New Issue Status. On an annual basis, a manager needs to confirm or reconfirm the eligibility of investors that participate in initial public offerings or new issues. Most managers reconfirm this via negative consent, i.e., investors are informed of their status as on file with the manager and asked to inform the manager of any changes. No response operates as consent to the current status.

In addition, this is a good time to review your offering documents to confirm that they include FINRA’s anti-spinning rule (Rule 5131), as well as the SEC’s current thresholds for accredited investor and qualified client status, which became effective this year.

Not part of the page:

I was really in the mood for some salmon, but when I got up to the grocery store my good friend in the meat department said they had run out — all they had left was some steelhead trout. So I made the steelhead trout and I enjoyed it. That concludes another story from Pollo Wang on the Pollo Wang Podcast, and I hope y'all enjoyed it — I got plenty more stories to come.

ERISA Status. Given the significant problems that can occur from not properly tracking ERISA investors, we recommend that managers also confirm or reconfirm on an annual basis the ERISA status of its investors. This is particularly important for managers that track the underlying percentage or ERISA funds for each investor. This reconfirmation can also be obtained through a negative consent.  [For more information, please see our post on ERISA issues for hedge funds.]

Annual Privacy Policy Notice. On an annual basis, a registered investment adviser must also provide its investors with a copy of its privacy policy, even if there are no changes to the policy.

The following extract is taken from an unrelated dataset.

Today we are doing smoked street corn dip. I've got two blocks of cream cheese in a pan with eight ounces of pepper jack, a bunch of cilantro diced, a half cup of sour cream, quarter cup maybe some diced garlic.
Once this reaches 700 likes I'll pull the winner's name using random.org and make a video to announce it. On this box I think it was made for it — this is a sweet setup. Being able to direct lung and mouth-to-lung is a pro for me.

Annual Compliance Review. On an annual basis, the CCO of a registered investment adviser must conduct an annual review of a manager’s compliance policies and procedures. This annual compliance review should be in writing and presented to senior management. We recommend that you discuss the annual review with your outside counsel, who can provide guidance about the review as well as a template for the review. Managers should be careful that sensitive conversations regarding the annual review are protected by attorney-client privilege. CCOs may also want to consider additions to the compliance program, including implementation of policies relating to use of social media, a hot topic for both managers and regulators in 2011.

Managers who are not registered may still wish to review their procedures and/or implement a compliance program as a best practice.

Trade Errors. Managers should make sure that all trade errors are addressed by the end of the year, pursuant to the manager’s polices regarding trade errors. Documentation of trade errors should be finalized, and if the manager is required to reimburse the funds, it should do so by year-end.

Soft Dollars. Managers that participate in soft dollar programs should make sure that they have addressed any commission balances by the end of the year.

Custody Rule Annual Audit. SEC-registered advisers must (i) maintain client funds and securities with a qualified custodian in a separate account for each client under that client’s name, or in an account that contains only client funds and securities with the adviser listed as agent or trustee for the clients; (ii) have a reasonable basis, formed after “due inquiry,” for believing that the qualified custodian holding client funds or securities sends an account statement to each advisory client at least quarterly; (iii) notify clients upon opening any new custodial account on behalf of the client (or changes to any such account) and include a legend in such notice urging the clients to compare custodial account statements with any statements received from the adviser (if the adviser elects to send any such statements directly); and (iv) undergo an annual surprise examination conducted by an independent public accountant.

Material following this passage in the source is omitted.